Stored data
━━━━

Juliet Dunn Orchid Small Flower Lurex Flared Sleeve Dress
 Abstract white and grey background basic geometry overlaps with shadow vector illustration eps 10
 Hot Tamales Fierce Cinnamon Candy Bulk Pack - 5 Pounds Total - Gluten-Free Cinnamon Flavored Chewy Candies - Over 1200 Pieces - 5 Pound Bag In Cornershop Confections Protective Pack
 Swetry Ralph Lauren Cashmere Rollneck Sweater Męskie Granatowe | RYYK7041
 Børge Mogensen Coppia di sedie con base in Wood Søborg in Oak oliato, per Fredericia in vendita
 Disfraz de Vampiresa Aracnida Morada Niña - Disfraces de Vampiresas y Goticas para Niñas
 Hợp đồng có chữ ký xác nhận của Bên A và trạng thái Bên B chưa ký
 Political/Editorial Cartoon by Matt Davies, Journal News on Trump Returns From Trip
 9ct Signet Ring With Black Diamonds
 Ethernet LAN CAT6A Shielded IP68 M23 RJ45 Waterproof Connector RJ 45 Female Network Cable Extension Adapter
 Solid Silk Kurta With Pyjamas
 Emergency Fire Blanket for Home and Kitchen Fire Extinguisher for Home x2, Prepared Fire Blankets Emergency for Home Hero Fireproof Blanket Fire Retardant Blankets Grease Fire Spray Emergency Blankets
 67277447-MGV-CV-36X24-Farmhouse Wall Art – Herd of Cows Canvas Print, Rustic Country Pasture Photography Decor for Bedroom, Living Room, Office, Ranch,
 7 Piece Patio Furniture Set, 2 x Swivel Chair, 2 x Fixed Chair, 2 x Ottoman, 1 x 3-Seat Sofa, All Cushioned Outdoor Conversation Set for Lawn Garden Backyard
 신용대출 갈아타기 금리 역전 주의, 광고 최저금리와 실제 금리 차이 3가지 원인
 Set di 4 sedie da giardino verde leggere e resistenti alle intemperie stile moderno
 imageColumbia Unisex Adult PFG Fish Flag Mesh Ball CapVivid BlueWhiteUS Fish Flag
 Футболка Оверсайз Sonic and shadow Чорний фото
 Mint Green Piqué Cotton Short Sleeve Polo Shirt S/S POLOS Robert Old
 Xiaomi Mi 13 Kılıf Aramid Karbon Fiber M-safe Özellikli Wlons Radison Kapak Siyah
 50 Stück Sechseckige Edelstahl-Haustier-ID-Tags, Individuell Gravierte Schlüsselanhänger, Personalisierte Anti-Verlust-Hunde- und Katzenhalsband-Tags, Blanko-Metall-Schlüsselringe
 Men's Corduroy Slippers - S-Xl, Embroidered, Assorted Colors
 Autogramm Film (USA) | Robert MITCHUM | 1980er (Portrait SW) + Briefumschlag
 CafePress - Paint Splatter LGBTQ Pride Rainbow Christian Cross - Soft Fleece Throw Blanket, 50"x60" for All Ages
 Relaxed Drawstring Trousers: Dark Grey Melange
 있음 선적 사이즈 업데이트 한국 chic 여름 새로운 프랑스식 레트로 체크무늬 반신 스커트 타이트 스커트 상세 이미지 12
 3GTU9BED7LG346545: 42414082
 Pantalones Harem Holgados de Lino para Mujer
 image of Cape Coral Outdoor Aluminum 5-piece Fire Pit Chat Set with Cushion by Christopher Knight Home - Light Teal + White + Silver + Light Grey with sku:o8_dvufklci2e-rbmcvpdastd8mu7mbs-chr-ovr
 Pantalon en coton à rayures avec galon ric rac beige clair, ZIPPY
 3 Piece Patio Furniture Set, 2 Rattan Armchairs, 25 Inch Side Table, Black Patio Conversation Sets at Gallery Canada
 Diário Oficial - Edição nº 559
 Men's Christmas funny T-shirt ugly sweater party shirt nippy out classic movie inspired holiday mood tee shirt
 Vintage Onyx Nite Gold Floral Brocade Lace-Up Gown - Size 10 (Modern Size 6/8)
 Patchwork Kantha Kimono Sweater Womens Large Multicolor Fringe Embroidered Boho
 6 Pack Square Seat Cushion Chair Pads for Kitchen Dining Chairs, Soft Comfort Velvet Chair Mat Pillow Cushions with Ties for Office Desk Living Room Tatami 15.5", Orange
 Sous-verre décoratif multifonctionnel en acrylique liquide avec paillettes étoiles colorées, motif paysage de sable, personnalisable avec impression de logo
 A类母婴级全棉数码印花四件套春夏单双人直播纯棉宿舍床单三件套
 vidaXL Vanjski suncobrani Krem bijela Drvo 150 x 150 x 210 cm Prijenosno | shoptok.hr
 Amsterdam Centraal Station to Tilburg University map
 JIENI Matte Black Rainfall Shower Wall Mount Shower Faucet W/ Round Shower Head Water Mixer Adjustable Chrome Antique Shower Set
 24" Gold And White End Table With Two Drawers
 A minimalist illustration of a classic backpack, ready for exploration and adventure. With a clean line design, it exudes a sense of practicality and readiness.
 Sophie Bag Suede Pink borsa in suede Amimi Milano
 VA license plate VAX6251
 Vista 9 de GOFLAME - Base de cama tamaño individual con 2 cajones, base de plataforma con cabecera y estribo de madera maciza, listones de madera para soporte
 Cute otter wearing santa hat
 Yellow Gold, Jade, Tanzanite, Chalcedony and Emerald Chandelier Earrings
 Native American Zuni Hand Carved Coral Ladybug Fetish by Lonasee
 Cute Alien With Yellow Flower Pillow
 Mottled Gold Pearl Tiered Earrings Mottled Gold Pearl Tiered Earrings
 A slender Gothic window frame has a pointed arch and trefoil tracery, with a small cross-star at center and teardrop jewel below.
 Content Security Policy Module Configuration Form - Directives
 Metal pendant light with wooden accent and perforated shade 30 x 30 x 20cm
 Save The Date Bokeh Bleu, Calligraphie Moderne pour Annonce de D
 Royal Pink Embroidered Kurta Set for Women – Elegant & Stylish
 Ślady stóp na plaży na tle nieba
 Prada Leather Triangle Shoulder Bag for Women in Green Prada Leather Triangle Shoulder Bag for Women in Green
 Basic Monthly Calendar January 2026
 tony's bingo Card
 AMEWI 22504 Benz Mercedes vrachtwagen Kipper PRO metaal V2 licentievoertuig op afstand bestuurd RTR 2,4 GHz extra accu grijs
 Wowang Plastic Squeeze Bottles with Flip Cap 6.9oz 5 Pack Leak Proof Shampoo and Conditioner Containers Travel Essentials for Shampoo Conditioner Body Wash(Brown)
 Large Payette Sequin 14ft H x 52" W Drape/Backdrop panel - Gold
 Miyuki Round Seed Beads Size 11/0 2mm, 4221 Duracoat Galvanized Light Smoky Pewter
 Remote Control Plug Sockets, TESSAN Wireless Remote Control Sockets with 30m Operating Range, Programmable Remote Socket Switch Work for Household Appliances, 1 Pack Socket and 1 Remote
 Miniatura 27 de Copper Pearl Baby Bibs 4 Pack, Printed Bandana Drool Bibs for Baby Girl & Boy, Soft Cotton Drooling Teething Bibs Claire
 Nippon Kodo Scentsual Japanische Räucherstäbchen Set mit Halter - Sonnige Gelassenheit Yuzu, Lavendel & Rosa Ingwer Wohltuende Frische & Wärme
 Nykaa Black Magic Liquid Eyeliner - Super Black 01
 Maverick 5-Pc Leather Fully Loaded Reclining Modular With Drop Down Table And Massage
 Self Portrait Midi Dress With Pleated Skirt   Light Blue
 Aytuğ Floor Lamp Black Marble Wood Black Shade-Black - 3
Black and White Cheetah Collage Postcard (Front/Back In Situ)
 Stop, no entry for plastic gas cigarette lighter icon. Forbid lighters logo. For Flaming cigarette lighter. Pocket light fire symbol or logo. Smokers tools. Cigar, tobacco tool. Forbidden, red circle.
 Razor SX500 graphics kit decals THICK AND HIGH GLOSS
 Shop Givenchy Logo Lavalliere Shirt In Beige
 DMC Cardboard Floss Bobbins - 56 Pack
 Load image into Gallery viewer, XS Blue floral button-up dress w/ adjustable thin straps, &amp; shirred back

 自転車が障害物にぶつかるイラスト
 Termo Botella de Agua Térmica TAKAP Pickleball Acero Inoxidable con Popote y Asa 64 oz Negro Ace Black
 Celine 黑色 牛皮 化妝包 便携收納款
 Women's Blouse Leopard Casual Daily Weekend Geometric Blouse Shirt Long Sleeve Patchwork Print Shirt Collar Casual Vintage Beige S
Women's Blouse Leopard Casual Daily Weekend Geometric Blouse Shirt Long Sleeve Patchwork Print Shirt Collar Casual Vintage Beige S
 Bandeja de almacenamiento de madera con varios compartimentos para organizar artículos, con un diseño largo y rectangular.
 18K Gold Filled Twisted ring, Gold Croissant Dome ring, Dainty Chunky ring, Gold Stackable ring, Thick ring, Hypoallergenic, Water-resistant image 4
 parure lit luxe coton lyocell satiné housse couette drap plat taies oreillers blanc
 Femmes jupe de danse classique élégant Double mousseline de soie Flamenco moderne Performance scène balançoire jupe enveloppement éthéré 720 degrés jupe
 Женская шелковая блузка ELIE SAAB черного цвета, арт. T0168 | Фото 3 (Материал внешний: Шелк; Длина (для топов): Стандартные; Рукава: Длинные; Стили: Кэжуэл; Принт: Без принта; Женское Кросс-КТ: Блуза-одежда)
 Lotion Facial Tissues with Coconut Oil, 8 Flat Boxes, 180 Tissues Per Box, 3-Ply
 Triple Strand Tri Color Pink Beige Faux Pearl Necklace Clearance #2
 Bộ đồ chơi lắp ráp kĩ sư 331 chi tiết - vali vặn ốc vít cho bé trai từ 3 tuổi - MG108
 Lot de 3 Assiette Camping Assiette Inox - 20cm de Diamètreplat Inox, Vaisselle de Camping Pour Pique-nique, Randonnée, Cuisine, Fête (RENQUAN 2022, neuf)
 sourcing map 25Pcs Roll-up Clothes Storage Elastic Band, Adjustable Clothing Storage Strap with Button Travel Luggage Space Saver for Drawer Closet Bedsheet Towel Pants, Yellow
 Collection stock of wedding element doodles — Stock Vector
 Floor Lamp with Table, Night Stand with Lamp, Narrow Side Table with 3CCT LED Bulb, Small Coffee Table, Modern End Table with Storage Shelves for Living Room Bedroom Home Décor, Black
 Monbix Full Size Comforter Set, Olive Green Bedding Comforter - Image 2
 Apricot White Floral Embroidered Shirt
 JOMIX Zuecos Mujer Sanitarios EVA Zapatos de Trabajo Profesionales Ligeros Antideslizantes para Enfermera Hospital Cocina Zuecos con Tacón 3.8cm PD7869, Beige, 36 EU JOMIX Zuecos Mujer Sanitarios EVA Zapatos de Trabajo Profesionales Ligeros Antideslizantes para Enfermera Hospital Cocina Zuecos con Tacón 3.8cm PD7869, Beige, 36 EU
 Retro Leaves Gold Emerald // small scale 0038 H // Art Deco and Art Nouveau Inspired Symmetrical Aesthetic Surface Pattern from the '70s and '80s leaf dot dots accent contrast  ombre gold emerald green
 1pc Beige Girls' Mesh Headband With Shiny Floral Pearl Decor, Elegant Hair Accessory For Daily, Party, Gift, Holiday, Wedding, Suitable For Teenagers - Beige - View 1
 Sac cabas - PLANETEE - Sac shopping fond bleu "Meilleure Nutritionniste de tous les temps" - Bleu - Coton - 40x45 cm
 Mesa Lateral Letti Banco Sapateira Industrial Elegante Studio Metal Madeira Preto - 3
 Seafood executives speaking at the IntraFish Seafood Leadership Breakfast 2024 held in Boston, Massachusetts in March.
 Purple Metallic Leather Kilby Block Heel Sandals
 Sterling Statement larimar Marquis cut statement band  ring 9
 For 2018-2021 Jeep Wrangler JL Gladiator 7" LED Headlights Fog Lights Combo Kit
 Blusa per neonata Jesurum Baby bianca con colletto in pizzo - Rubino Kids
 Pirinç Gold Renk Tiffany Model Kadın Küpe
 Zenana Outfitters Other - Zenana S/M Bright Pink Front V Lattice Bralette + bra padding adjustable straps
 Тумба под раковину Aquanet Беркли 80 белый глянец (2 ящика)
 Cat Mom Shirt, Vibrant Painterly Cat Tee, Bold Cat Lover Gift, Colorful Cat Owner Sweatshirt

━━━━

Beginning at the first line of the records, retype exactly every line up to and including the one with "Swetry Ralph Lauren".

Juliet Dunn Orchid Small Flower Lurex Flared Sleeve Dress
 Abstract white and grey background basic geometry overlaps with shadow vector illustration eps 10
 Hot Tamales Fierce Cinnamon Candy Bulk Pack - 5 Pounds Total - Gluten-Free Cinnamon Flavored Chewy Candies - Over 1200 Pieces - 5 Pound Bag In Cornershop Confections Protective Pack
 Swetry Ralph Lauren Cashmere Rollneck Sweater Męskie Granatowe | RYYK7041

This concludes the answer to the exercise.